- **Input material**
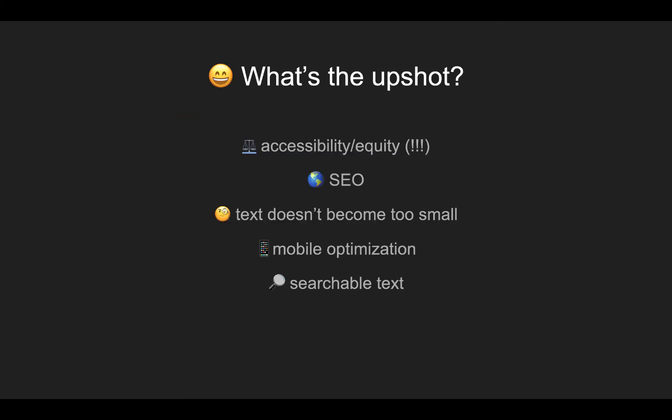What's the advantage of this? Well, there are a lot of advantages. First of all, it's much more accessible than having a static image. For instance, a screen reader can easily read this HTML text, whereas they wouldn't have been able to read your text in a static image. This has search engine optimization implications. Now Google can crawl the text of your infographic or data viz, which they couldn't do with a static image.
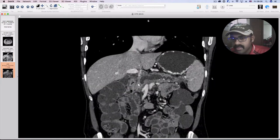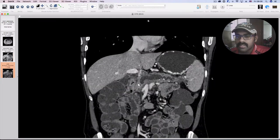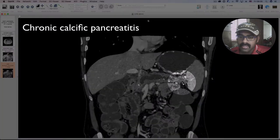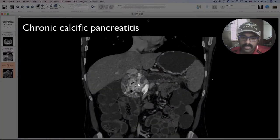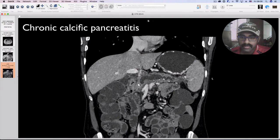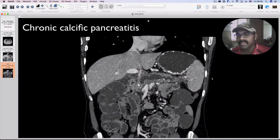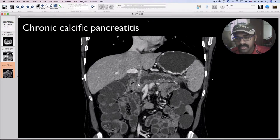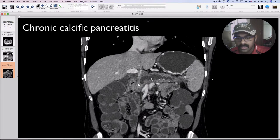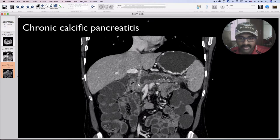This is a curved planar reconstruction. In curved planar reconstructed images, you can create an axis along which you can reconstruct the whole image so that you can demonstrate a curved structure in a linear pattern, thereby making it easier to demonstrate pathology to referring clinicians. Here, I had done a curved planar reconstruction along the direction of the dilated convoluted main pancreatic duct, clearly showing the contour of the pancreatic parenchyma.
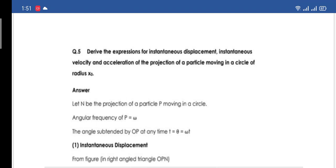We are developing displacement, velocity, and acceleration equations. In the lectures we have these equations for projection motion and we will convert them into the spring case. Today our task is to explain the acceleration equation.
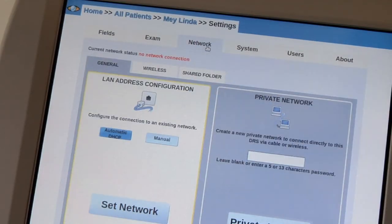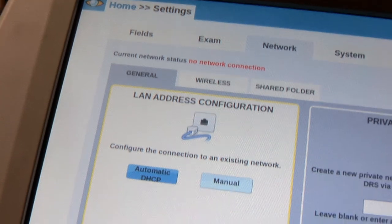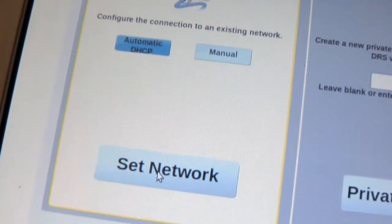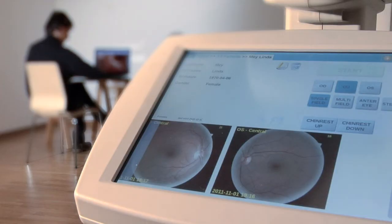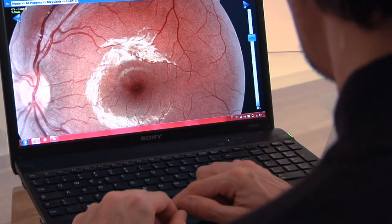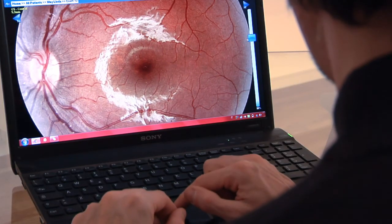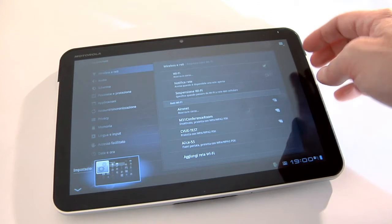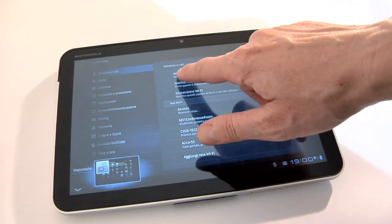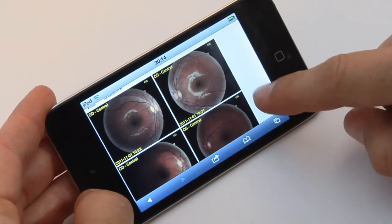The DRS is web-connected and the images can be viewed from any personal computer, inside or outside the examination room. You can also view the images from an iPad, from anywhere in the office or even remotely.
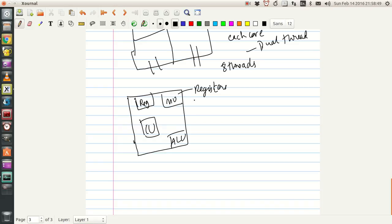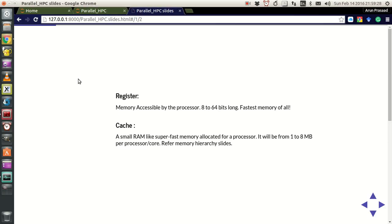It just stores which memory it is accessing from the RAM — which byte it's accessing — and also stores the value. Since the control unit is super fast, register values get overwritten very quickly. They just store a value for a very short time and then wipe up very quickly. So the data inflow and outflow to the registers will be very, very large. This is the fastest memory of all and it works with the same speed as your processor.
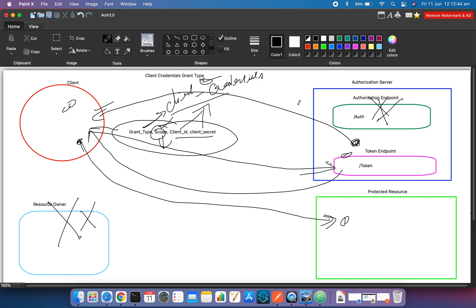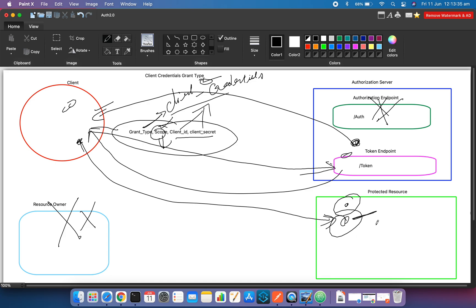The access token is sent as a bearer token in the authorization header. In OAuth 2.0, all access tokens are sent as bearer tokens, meaning whoever owns or has that access token has the right to use it. Once the client gets the access token it connects to the protected resource, sends the token, and since it is a JWT token the protected resource can validate it. If validated successfully, it provides the client access to the API.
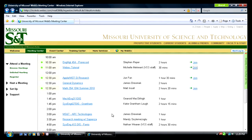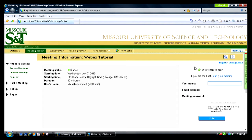To enter the meeting, click on Join in the far right column. Once you have done this, you will be prompted to type your name and your Missouri S&T email address.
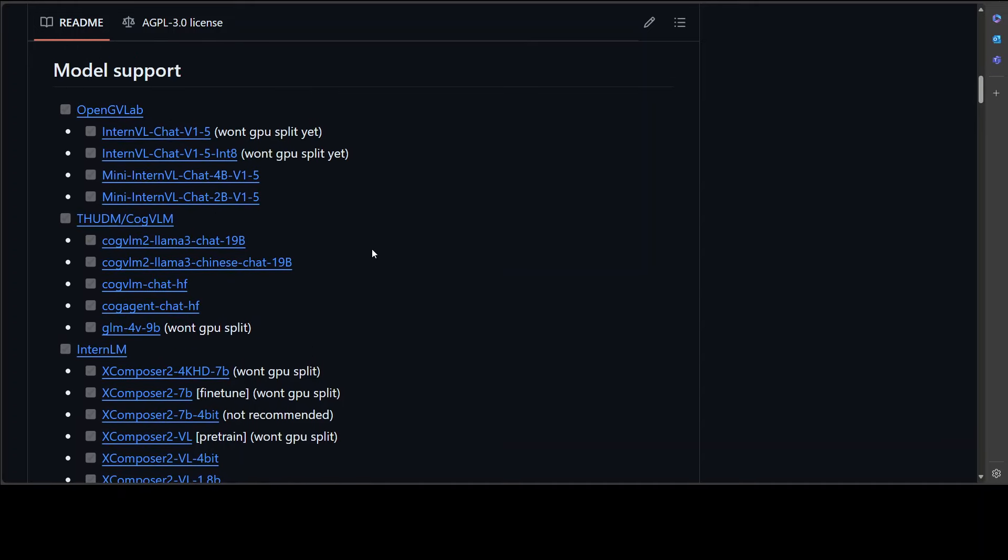The good thing is that they also have provided some of the comments there that show you where you can do the GPU split, where you can't do it, if they are having some issues with some of the models. So it's all very transparent and open and that is what I really like about this tool.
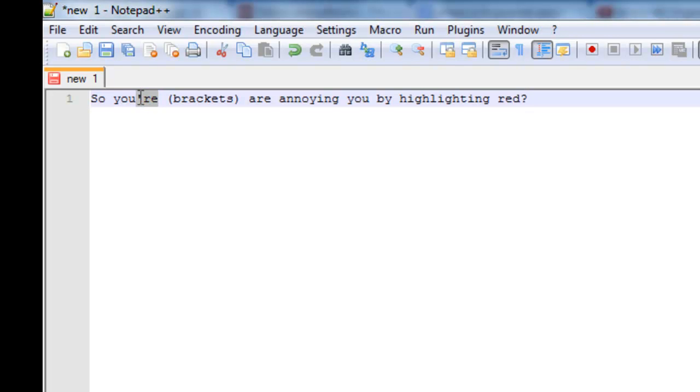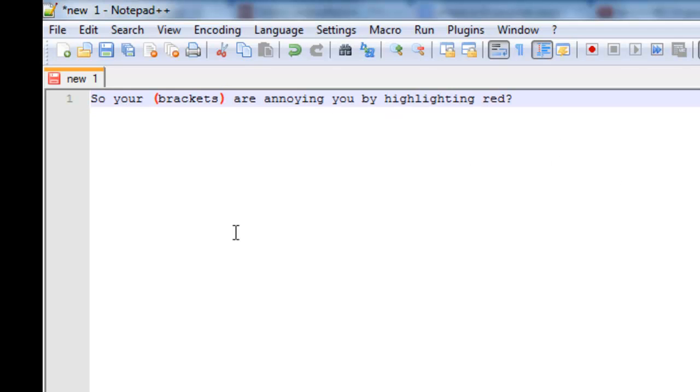I just noticed I'm using bad grammar here. Basically, I'm going to show you how to remove the bracket highlighting on Notepad++.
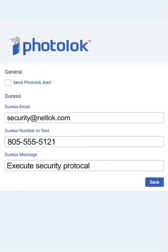When you click the duress photo located on the second photo page during login, the duress alert will be sent to the email and text numbers listed. Please make sure that the recipient listed is aware and agrees to act upon receipt of the alert.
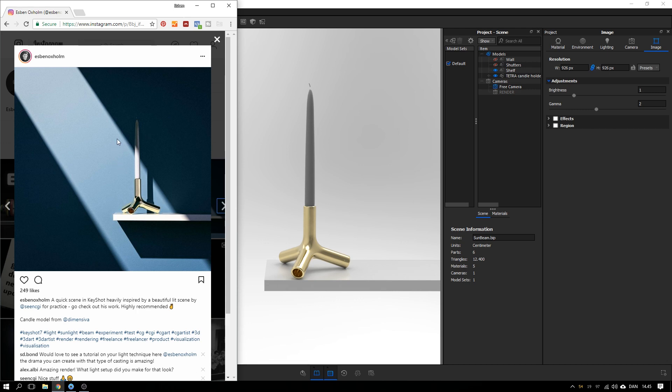Hey everyone, I posted this rendering on Instagram and a lot of you asked me to do a tutorial on how to create this beam of sunlight grazing across this wall and the product and the shelf. So here we go.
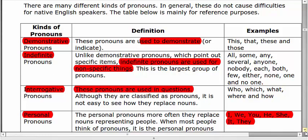Next one is interrogative pronouns. These pronouns are used in questions, like who, which, and what. For example: 'Who are you?' and 'What is this?' — here both words are used as interrogative pronouns.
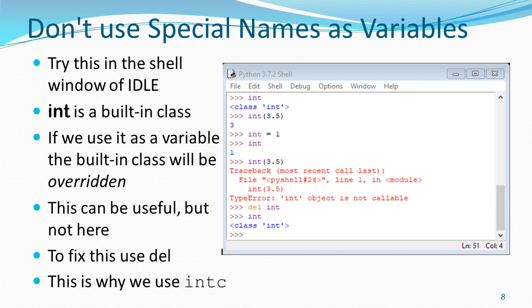So if you're ever working in the shell and you type a variable name and it comes out purple, pick a different name.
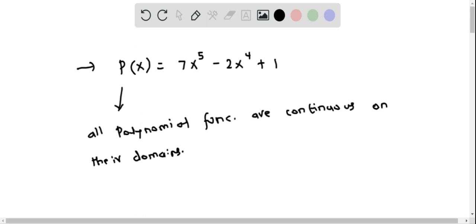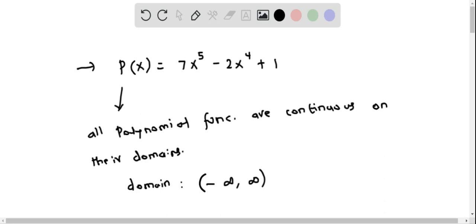The domain of this polynomial function is negative infinity to positive infinity, because it is defined for all x values in real numbers.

- **Your instructions**
Word for word, output the lines from the beginning of the listing through the line holding "The DRS is web-connected" and nothing beyond them. Omit the pictures.

- **Result**
What's the advantage of this? Well, there are a lot of advantages. First of all, it's much more accessible than having a static image. For instance, a screen reader can easily read this HTML text, whereas they wouldn't have been able to read your text in a static image. This has search engine optimization implications. Now Google can crawl the text of your infographic or data viz, which they couldn't do with a static image.
This is a curved planar reconstruction. In curved planar reconstructed images, you can create an axis along which you can reconstruct the whole image so that you can demonstrate a curved structure in a linear pattern, thereby making it easier to demonstrate pathology to referring clinicians. Here, I had done a curved planar reconstruction along the direction of the dilated convoluted main pancreatic duct, clearly showing the contour of the pancreatic parenchyma.
We are developing displacement, velocity, and acceleration equations. In the lectures we have these equations for projection motion and we will convert them into the spring case. Today our task is to explain the acceleration equation.
The DRS is web-connected and the images can be viewed from any personal computer, inside or outside the examination room. You can also view the images from an iPad, from anywhere in the office or even remotely.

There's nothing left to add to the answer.